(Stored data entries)
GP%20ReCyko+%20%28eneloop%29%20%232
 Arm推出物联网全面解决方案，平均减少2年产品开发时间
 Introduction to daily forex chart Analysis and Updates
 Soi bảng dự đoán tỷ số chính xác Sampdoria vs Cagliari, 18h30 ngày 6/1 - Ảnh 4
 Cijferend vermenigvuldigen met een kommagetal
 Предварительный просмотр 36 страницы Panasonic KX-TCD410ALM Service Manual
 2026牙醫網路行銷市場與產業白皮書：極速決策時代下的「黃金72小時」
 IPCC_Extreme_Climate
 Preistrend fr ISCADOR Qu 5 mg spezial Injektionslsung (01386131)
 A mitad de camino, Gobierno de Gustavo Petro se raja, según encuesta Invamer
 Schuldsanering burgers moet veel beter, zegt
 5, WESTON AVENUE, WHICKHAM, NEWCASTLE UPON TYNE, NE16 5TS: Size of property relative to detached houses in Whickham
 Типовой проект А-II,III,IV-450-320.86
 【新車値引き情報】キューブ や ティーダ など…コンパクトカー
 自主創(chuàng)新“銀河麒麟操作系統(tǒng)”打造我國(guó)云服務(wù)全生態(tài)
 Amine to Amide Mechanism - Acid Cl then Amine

_Work item_:
Could you transcribe all of the entries exactly, leaving nothing out?

_Completed exercise_:
GP%20ReCyko+%20%28eneloop%29%20%232
 Arm推出物联网全面解决方案，平均减少2年产品开发时间
 Introduction to daily forex chart Analysis and Updates
 Soi bảng dự đoán tỷ số chính xác Sampdoria vs Cagliari, 18h30 ngày 6/1 - Ảnh 4
 Cijferend vermenigvuldigen met een kommagetal
 Предварительный просмотр 36 страницы Panasonic KX-TCD410ALM Service Manual
 2026牙醫網路行銷市場與產業白皮書：極速決策時代下的「黃金72小時」
 IPCC_Extreme_Climate
 Preistrend fr ISCADOR Qu 5 mg spezial Injektionslsung (01386131)
 A mitad de camino, Gobierno de Gustavo Petro se raja, según encuesta Invamer
 Schuldsanering burgers moet veel beter, zegt
 5, WESTON AVENUE, WHICKHAM, NEWCASTLE UPON TYNE, NE16 5TS: Size of property relative to detached houses in Whickham
 Типовой проект А-II,III,IV-450-320.86
 【新車値引き情報】キューブ や ティーダ など…コンパクトカー
 自主創(chuàng)新“銀河麒麟操作系統(tǒng)”打造我國(guó)云服務(wù)全生態(tài)
 Amine to Amide Mechanism - Acid Cl then Amine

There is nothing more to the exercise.